People often ask when I’m going to run a Gunnas Writing Masterclass for teenagers because their special snowflake is a really keen writer and would ‘love something like this’.
I say, ‘I ran a couple of Gunnas for teenagers. I am not running another. Almost all the kids said they were only at the workshop because ‘my mum made me come’.
When people approach me gushing how ‘creative’ their child is and how they are a brilliant writer/reader/painter/musician asking what suggestions I have to encourage and support them I say ‘Ignore what they are doing and don’t mention it. If you must applaud then applaud the effort not the outcome.’
When the parents (and lets face it, it’s almost only mothers) tell me about their young writer, actor, dancer, painter it seems they are almost expecting me to be impressed or say ‘congratulations’. The conversation is so much about the parent and how the child’s behaviour reflect and brands them.
Want my advice? If there is a young person in your life who is ‘very creative’ I suggest you simply nod at their creative output say something like ‘look at you’ or ‘well done’ ask them how they feel about it and move onto something else. Ask them what computer games they are playing. I see so many adults getting a huge part of their identity through creative young people they are connected to and it’s really really destructive. It’s weird and creepy and a bit ego confusy sick really.
Get a life you ‘I’m not in a band but my friends are in a band’ parents.
These young artists start creating because they love it. It’s their own intimate world. Stay the fuck out. When their parents or other well meaning adults start gushing and making a fuss the young people stop listening to their own voice and start playing to the crowd. For the applause. For the stroking. And they lose their own voice. The only thing that kills creativity more than parents sticky nosing, branding themselves with their kids ‘creativity’ or bragging about it is schools, universities and institutions.
Young people’s creativity is as private and personal as their sex life. Answer questions and suggest resources by all means but leave as much distance as a responsible progressive adult would from the ins and outs and the minutiae. Don’t ask don’t tell. Have it set on ‘need to know’.
‘What do I think of your picture/story/performance/dance young person? Who cares? What do YOU think?’
For fuck sake stop fetishising creativity. Creativity is a normal, healthy thing.
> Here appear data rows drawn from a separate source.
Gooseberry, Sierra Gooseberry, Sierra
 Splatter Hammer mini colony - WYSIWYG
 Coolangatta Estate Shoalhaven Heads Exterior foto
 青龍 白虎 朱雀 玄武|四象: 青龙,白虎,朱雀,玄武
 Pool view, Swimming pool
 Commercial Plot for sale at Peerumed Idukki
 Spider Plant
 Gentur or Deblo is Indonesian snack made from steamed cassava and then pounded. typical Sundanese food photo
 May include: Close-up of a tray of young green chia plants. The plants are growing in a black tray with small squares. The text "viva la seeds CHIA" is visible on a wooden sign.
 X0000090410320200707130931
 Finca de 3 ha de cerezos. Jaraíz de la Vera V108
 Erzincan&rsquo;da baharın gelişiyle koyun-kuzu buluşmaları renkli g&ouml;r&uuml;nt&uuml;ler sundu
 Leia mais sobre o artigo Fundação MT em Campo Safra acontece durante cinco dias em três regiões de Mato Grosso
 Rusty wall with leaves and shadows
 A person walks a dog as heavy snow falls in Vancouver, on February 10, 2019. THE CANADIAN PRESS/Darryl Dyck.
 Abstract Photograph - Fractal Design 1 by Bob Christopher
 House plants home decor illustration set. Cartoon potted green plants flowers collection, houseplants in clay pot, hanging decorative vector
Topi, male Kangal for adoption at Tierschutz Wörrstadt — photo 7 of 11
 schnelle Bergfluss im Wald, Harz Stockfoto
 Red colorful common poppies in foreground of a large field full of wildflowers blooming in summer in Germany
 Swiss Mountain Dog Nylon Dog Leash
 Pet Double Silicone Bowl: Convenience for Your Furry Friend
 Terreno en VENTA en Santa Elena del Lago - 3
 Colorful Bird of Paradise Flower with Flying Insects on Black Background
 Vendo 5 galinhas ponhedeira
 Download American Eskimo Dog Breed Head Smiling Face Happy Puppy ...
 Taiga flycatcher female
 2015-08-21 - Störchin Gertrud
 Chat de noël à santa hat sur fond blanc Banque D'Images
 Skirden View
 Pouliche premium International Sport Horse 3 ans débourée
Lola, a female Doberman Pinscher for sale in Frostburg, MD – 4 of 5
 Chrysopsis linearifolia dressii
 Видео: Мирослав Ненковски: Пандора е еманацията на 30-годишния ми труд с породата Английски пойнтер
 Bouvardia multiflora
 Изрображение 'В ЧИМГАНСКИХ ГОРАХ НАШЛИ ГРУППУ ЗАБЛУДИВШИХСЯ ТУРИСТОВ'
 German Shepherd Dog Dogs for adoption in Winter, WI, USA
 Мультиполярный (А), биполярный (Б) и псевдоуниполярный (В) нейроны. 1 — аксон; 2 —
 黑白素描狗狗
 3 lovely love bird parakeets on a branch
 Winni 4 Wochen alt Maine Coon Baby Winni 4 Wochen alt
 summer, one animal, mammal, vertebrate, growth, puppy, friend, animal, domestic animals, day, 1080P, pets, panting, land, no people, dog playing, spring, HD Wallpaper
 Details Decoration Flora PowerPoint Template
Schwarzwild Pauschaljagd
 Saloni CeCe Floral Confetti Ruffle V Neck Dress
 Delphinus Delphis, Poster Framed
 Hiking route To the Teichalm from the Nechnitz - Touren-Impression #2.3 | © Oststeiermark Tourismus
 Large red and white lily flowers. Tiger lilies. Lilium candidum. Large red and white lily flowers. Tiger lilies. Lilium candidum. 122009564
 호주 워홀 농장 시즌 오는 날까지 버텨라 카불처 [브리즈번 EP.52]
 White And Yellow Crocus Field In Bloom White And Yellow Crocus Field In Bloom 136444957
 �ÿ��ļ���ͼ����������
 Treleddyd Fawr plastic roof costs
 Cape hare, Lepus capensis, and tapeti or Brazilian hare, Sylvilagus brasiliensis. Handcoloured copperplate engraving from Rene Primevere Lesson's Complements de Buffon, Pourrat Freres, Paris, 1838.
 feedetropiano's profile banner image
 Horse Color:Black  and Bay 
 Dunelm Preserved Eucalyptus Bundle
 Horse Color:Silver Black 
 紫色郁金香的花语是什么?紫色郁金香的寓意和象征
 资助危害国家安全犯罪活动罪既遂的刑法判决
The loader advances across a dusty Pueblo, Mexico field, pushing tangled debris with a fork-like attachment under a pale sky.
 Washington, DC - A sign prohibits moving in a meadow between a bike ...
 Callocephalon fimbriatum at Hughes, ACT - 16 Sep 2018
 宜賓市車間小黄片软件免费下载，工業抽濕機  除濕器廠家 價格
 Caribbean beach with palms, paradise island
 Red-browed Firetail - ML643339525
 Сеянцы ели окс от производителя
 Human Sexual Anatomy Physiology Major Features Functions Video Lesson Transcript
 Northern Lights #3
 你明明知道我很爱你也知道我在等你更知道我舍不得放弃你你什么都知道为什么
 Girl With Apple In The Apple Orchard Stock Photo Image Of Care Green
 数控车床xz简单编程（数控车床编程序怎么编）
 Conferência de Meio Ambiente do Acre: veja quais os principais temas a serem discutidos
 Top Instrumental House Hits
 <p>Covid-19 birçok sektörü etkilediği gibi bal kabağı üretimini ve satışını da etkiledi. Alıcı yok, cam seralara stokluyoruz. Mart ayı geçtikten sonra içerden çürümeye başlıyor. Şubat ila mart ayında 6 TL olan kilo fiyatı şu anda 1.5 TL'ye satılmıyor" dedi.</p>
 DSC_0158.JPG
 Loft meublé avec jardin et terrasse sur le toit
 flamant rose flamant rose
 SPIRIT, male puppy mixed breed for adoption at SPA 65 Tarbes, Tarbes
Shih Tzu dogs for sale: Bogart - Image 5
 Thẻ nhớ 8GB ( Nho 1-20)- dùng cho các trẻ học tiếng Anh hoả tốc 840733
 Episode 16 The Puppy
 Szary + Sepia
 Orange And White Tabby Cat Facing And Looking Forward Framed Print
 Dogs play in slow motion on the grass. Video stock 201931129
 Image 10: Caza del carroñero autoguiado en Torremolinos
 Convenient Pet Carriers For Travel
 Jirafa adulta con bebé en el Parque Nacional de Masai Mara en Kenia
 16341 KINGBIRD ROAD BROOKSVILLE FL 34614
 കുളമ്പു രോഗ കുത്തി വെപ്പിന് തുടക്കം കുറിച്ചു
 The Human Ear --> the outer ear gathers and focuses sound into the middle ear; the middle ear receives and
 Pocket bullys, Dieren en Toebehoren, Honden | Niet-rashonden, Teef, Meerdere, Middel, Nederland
Creativity is also is a huge part of a bunch of other teenage pursuits parents don’t seem to brag about as much, like video gaming. Creativity is also a very private journey. Particularly for kids and teenagers. Let them develop at their own rate and you do some fucking work on yourself. Learn guitar, do some life drawing classes, join an improv troupe or the local theatre group and go on your own creative journey. Stop being the backseat driver of someone else’s adventure. Stop judging, pushing, advising and applauding someone else. Do it yourself.
Stop with the ‘My kid is so arty/creative/gifted’ *basking in reflected glory here*. GET A LIFE.
Just say ‘my kids like mucking around in their room a lot.’ If your kid really wants to do a creative workshop, masterclass or tuition and they find it themselves get them to pay for it in whole or in part or put it on their birthday/Christmas present wish list. Where possible get have your child to organise their transport to and from.
Then you’ll see who’d really ‘love something like this’.
The greatest burden a child must bear is the unlived life of the parents. – C.G. Jung.